**Task description:**
Quote all of the data that follows exactly as written, skipping the images.

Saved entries
·····
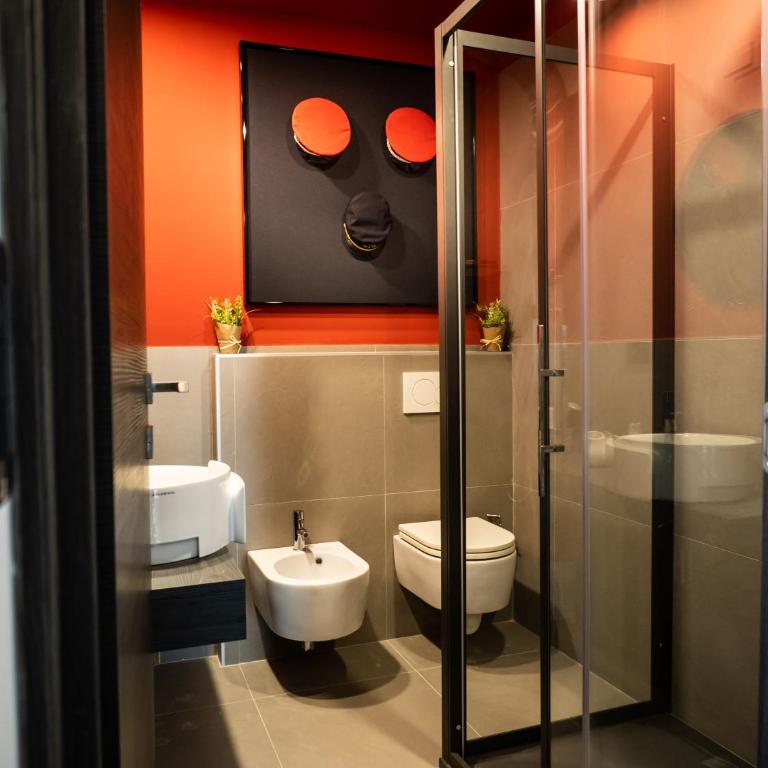 Carlotta Station Suite - One-Bedroom Apartment - 28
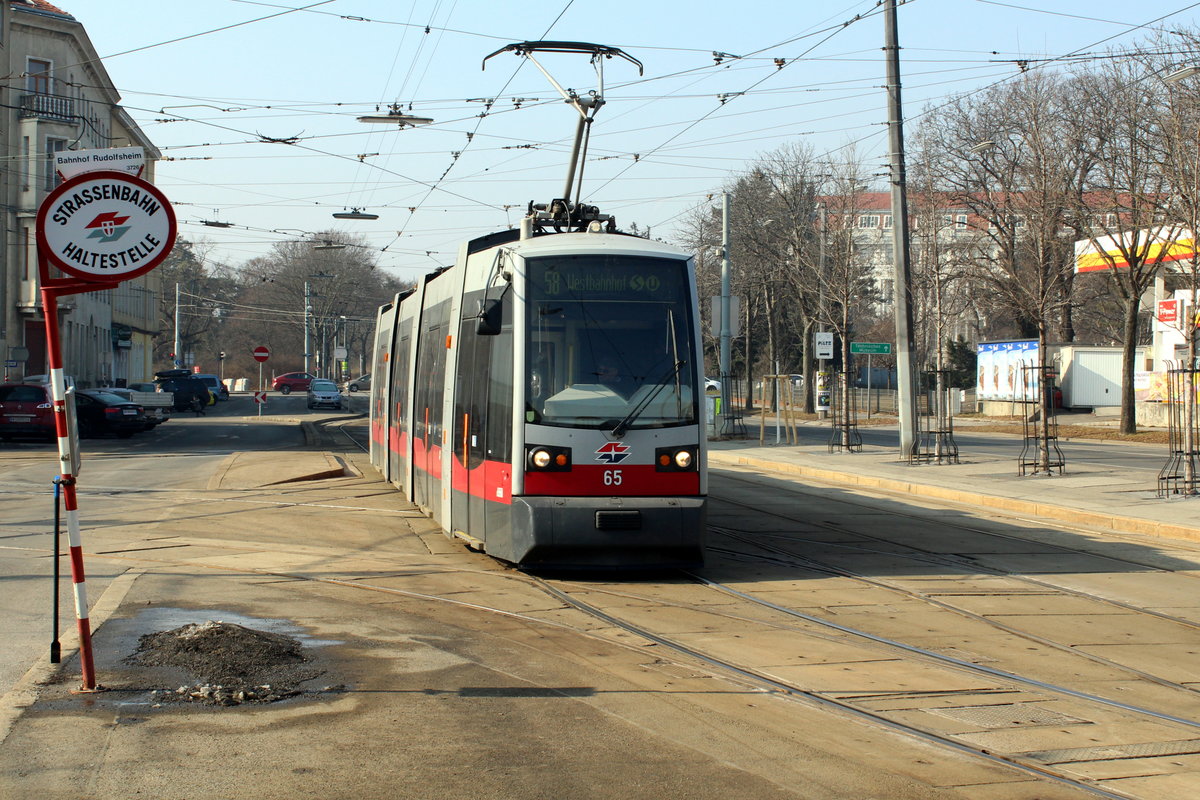 Wien Wiener Linien SL 58 (A1 65) XV, Rudolfsheim-Fünfhaus, Mariahilfer Straße / Bahnhof (Straßenbahnbetriebshof) Rudolfsheim am 16. februar 2017.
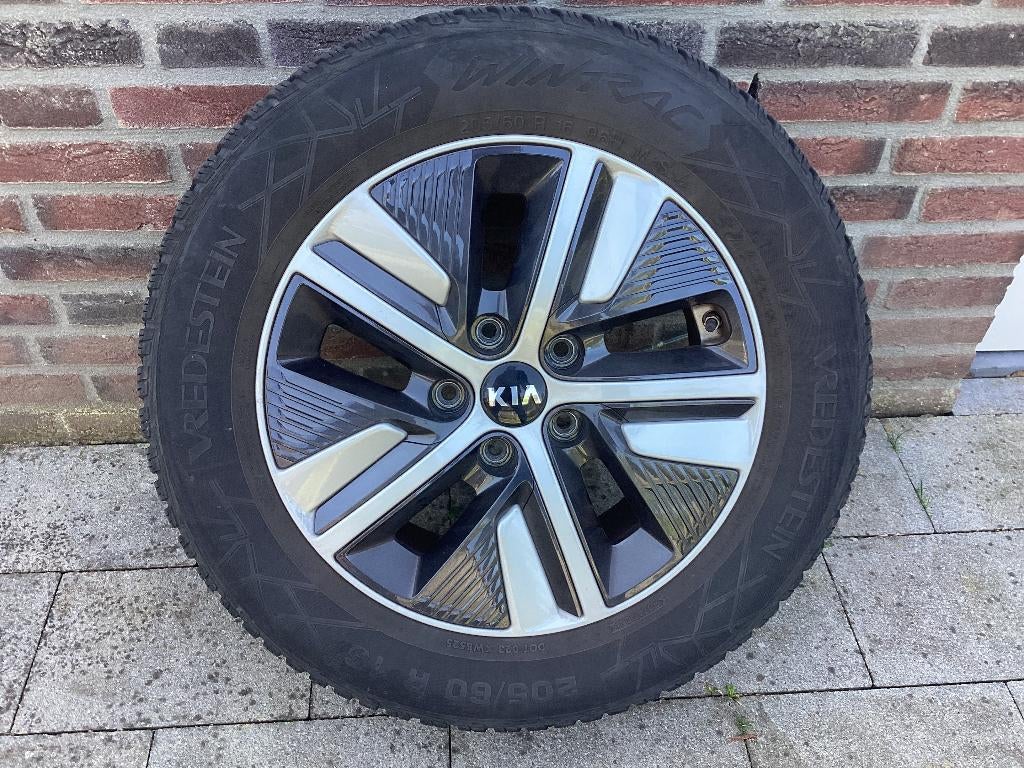 Originele KIA Niro velgen met winterbanden., Ophalen, Gebruikt, 16 inch, Banden en Velgen
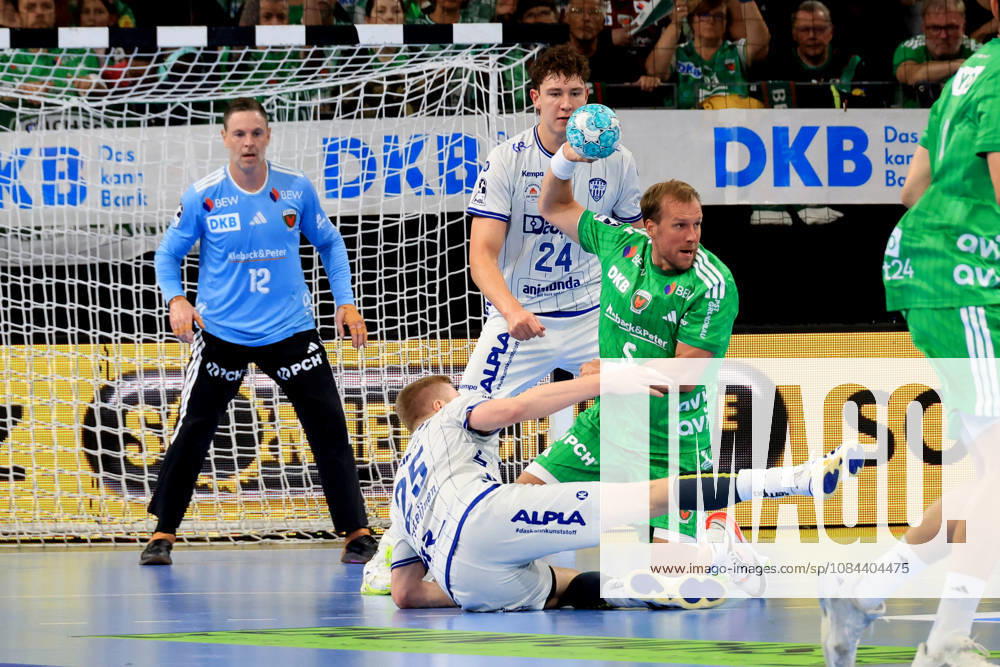 GER Germany, Handball, 1st Bundesliga, August 27, 2026, 2026–2027 season, Berlin, Fuechse Berlin vs. TBV Lemgo Lippe, Max Darj (Fuechse Berlin) 5, Andreas Palicka (Fuechse Berlin) 12, Niels Versteijnen (Lemgo) 25, Joel Willecke (Lemgo) 24, nordphoto GmbH, Engler Berlin, Max Schmeling Hall, Berlin, Germany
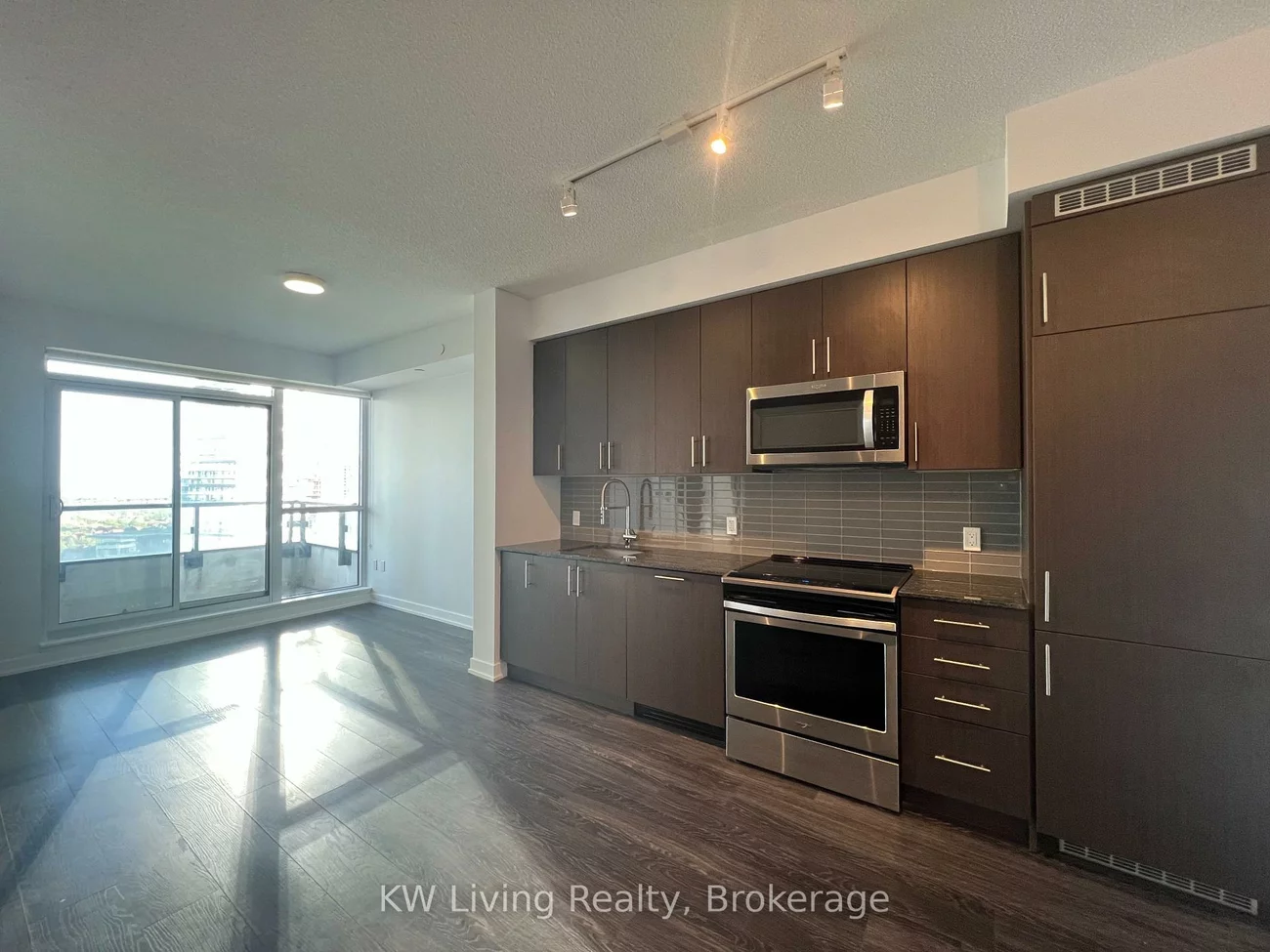 4055, Parkside Village, Creditview, Mississauga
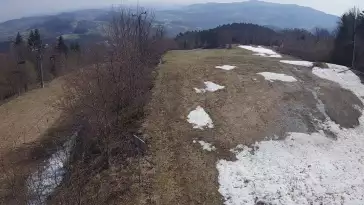 Widok na górą część trasy zjazdowej w Laskowa Ski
·····
**Solution for this task:**
 Carlotta Station Suite - One-Bedroom Apartment - 28
 Wien Wiener Linien SL 58 (A1 65) XV, Rudolfsheim-Fünfhaus, Mariahilfer Straße / Bahnhof (Straßenbahnbetriebshof) Rudolfsheim am 16. februar 2017.
 Originele KIA Niro velgen met winterbanden., Ophalen, Gebruikt, 16 inch, Banden en Velgen
 GER Germany, Handball, 1st Bundesliga, August 27, 2026, 2026–2027 season, Berlin, Fuechse Berlin vs. TBV Lemgo Lippe, Max Darj (Fuechse Berlin) 5, Andreas Palicka (Fuechse Berlin) 12, Niels Versteijnen (Lemgo) 25, Joel Willecke (Lemgo) 24, nordphoto GmbH, Engler Berlin, Max Schmeling Hall, Berlin, Germany
 4055, Parkside Village, Creditview, Mississauga
 Widok na górą część trasy zjazdowej w Laskowa Ski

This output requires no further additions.